(Working data)

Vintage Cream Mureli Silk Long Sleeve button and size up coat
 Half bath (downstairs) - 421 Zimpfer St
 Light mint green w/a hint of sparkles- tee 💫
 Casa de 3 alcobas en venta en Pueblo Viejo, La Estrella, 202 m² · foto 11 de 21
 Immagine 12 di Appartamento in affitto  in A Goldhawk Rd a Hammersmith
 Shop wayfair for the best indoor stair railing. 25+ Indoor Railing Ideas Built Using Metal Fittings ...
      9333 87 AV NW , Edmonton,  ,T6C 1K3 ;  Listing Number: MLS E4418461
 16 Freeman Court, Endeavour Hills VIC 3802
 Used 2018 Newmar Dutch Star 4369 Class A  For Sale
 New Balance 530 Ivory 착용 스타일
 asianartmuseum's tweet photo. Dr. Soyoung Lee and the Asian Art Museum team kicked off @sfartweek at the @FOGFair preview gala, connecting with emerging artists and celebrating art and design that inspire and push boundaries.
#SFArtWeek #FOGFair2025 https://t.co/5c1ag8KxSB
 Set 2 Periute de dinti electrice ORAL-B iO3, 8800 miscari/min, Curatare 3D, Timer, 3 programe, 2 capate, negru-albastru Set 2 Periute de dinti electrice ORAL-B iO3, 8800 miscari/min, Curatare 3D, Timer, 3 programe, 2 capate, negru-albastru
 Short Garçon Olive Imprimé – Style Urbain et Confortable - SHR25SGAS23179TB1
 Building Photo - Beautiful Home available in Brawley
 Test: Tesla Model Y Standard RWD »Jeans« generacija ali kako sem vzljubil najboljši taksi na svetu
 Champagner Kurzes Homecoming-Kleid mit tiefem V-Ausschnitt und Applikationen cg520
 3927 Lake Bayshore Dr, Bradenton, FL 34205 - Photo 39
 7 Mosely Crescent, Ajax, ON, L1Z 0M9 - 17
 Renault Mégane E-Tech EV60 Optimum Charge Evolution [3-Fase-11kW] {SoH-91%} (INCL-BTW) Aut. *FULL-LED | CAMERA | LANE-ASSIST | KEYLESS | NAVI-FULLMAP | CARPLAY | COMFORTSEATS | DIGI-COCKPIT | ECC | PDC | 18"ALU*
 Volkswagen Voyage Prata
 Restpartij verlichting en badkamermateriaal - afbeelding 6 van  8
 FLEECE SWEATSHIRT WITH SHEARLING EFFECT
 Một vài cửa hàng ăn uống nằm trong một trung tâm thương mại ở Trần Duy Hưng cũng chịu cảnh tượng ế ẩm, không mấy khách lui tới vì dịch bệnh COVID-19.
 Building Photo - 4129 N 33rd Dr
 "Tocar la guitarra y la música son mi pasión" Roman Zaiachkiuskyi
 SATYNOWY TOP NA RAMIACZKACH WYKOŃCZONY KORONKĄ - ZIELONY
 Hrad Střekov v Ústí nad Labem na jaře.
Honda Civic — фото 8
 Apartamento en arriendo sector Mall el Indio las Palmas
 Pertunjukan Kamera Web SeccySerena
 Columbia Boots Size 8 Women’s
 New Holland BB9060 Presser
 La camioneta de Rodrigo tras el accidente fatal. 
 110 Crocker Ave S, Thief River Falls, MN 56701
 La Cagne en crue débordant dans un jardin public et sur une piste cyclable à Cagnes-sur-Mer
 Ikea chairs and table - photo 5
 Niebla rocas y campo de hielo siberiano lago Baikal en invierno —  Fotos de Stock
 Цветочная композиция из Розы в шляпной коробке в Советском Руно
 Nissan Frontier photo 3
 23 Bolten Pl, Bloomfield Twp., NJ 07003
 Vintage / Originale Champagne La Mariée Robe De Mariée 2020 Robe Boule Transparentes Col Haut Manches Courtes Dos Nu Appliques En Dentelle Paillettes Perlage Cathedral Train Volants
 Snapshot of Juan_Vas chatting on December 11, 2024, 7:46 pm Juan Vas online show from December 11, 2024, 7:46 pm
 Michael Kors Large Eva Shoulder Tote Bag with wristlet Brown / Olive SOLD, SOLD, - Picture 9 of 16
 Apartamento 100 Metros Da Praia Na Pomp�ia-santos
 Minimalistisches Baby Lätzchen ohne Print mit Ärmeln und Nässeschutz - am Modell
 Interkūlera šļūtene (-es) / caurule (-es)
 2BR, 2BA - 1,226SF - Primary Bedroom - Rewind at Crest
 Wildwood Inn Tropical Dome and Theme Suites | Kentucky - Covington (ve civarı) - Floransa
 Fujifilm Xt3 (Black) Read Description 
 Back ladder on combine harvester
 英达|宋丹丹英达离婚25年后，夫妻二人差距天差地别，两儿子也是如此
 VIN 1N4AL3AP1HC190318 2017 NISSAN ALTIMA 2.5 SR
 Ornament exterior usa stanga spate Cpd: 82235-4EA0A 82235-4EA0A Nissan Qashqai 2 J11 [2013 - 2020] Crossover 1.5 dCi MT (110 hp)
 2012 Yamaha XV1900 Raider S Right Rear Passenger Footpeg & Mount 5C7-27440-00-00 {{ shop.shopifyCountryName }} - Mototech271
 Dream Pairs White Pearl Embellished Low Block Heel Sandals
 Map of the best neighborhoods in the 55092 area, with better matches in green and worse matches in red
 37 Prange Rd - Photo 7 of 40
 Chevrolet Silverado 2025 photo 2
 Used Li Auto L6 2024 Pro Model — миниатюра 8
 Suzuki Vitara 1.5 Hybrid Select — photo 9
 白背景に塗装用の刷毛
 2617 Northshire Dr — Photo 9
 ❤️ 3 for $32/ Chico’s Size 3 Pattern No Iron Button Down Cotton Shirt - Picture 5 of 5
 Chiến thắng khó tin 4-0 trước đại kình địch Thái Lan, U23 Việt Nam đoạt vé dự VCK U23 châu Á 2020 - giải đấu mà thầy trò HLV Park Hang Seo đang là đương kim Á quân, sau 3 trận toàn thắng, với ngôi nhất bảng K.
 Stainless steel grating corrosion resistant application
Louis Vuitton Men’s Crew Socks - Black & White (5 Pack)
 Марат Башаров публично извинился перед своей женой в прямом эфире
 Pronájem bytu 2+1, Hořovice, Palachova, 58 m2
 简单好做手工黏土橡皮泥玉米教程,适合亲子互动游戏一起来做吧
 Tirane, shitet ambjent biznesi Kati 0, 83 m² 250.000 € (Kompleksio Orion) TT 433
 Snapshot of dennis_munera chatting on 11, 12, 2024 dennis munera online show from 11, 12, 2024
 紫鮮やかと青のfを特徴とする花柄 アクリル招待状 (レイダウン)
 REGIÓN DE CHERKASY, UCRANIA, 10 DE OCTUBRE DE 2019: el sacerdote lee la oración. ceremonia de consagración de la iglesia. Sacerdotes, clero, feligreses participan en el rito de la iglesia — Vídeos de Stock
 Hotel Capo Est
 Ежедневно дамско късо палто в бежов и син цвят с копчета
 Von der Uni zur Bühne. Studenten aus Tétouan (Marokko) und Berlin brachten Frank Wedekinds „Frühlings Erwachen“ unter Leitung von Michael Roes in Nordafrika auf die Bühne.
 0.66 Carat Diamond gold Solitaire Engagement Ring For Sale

(End Working data)

Task details: Working from the data above, extract solely the lines from the one containing "VIN 1N4AL3AP1HC190318 2017" through the one containing "Dream Pairs White", exactly as they appear, both included.

Result below:
 VIN 1N4AL3AP1HC190318 2017 NISSAN ALTIMA 2.5 SR
 Ornament exterior usa stanga spate Cpd: 82235-4EA0A 82235-4EA0A Nissan Qashqai 2 J11 [2013 - 2020] Crossover 1.5 dCi MT (110 hp)
 2012 Yamaha XV1900 Raider S Right Rear Passenger Footpeg & Mount 5C7-27440-00-00 {{ shop.shopifyCountryName }} - Mototech271
 Dream Pairs White Pearl Embellished Low Block Heel Sandals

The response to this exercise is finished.